Although few of the web practitioners interviewed by Farrelly (2011) were sufficiently familiar with WCAG, of those that were, all of them found the guidelines difficult to use. They raised concerns over the length of WCAG 2.0, its lack of clarity, obtuse language, and convoluted organisation. Participants considered the guidelines difficult for even seasoned web developers to use effectively, let alone hobbyists or anyone new to the field.

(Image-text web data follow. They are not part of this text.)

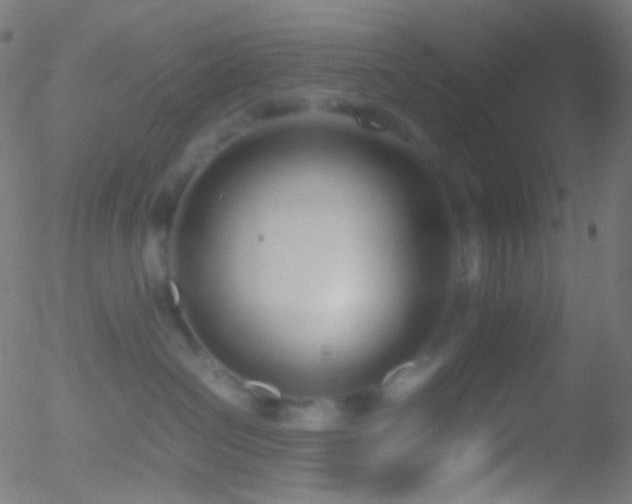 X0000052550286200507011138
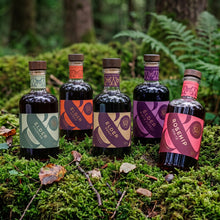Wild & Wonder Liqueur Taster Bundle: bottles of Elder Berry Original, Elder Orchard, Elder Spiced, Elderberry Black Forest and Rosehip Spritz liqueur.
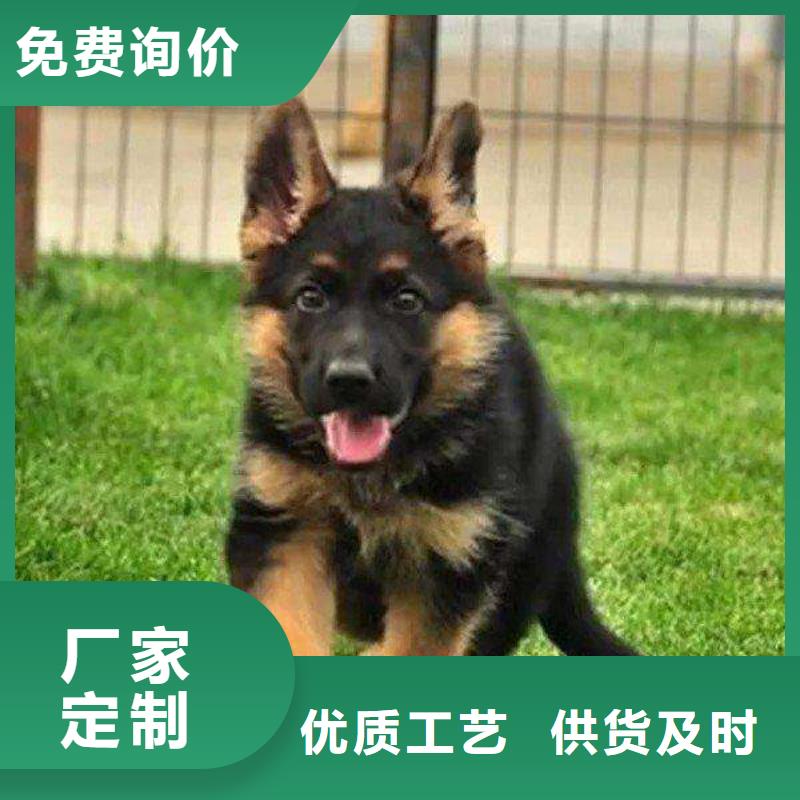 德国牧羊犬_罗威纳犬一站式采购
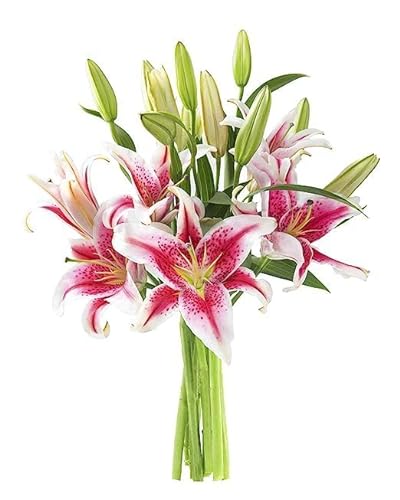 0810022325599 - KABLOOM PRIME NEXT DAY DELIVERY : VALENTINES DAY COLLECTION - SAILORS SUNSET BOUQUET OF 5 FRESH PINK LILIES GIFT FOR SYMPATHY, ANNIVERSARY, GET WELL, THANK YOU, VALENTINE, MOTHER’S DAY FLOWERS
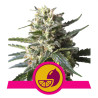 Lemon Shining Silver Haze - Royal Queen Seeds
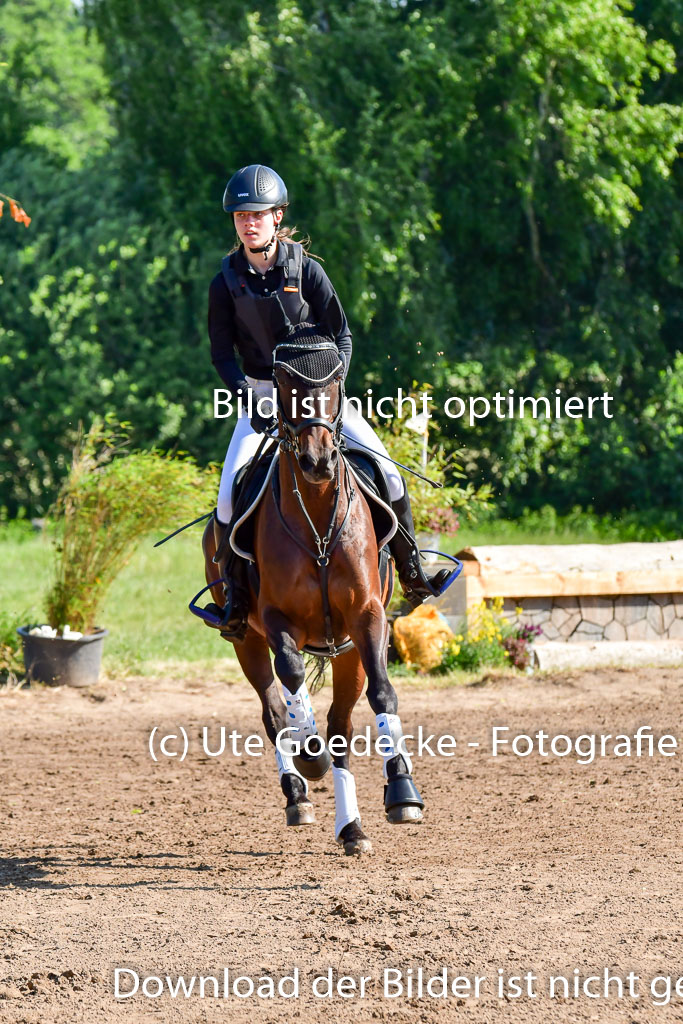 Goldene Schärpe PFerde  in Löningen  11+12.6.22 | 11062022 - Gelände 1 Abt_0157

A study by Alonso, Fuertes, González and Martínez (2010b) of 17 students taking part in a web accessibility course concluded that WCAG is “far from testable for beginners” (p. 8). The authors attributed this to: difficulties in comprehending the language used in the guidelines; a lack of knowledge that is required to correctly evaluate the guidelines; and a reluctance to spend a lot of effort evaluating the guidelines.
Criticisms over the subjective nature of WCAG 1.0 were addressed by attempting to make WCAG 2.0 more objectively testable. A study by Brajnik (2009) with 35 student web developers, however, found that, for many of the WCAG 2.0 guidelines, web developers were unable to come to an 80% level of agreement about whether a problem was present in a webpage. Agreement between evaluators of many WCAG 2.0 criteria was actually lower than the equivalent criteria in WCAG 1.0, suggesting the second version of the guidelines are more difficult to apply.
Like its predecessor, WCAG 2.0 also suffers from a lack of empirical evidence. Though Power, Petrie, Freire and Swallow (2011) propose an effective methodology for
remotely evaluating WCAG 2.0 implementation techniques, few members of the web accessibility community have continued this empirical, evidence-based approach. The validity of WCAG 2.0 is also questioned in an empirical study by Power et al. (2012) of the problems encountered by blind users on the web. This demonstrated that only 50.4% of the problems were covered by WCAG 2.0 success criteria.